- WORK TASK -
Give back exactly the lines running from the line with "Pendant Chrome Finish" to the end of the entries, and only those lines.

- SUPPLIED ENTRIES -
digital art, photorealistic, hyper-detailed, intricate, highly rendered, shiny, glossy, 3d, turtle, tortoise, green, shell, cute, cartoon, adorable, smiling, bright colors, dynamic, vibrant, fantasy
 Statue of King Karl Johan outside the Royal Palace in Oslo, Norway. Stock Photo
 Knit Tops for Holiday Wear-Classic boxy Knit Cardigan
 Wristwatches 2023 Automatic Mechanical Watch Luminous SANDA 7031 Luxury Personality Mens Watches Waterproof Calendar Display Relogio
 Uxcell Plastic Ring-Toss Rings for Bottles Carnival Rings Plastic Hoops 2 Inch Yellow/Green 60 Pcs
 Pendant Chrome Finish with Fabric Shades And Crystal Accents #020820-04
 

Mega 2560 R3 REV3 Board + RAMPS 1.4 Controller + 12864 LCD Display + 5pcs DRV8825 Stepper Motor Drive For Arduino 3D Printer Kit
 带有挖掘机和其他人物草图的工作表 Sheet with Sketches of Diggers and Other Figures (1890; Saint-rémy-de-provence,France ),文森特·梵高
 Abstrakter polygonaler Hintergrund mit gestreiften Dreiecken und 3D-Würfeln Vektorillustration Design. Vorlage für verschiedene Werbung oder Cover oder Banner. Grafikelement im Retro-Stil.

- RESULT -
 Pendant Chrome Finish with Fabric Shades And Crystal Accents #020820-04
 

Mega 2560 R3 REV3 Board + RAMPS 1.4 Controller + 12864 LCD Display + 5pcs DRV8825 Stepper Motor Drive For Arduino 3D Printer Kit
 带有挖掘机和其他人物草图的工作表 Sheet with Sketches of Diggers and Other Figures (1890; Saint-rémy-de-provence,France ),文森特·梵高
 Abstrakter polygonaler Hintergrund mit gestreiften Dreiecken und 3D-Würfeln Vektorillustration Design. Vorlage für verschiedene Werbung oder Cover oder Banner. Grafikelement im Retro-Stil.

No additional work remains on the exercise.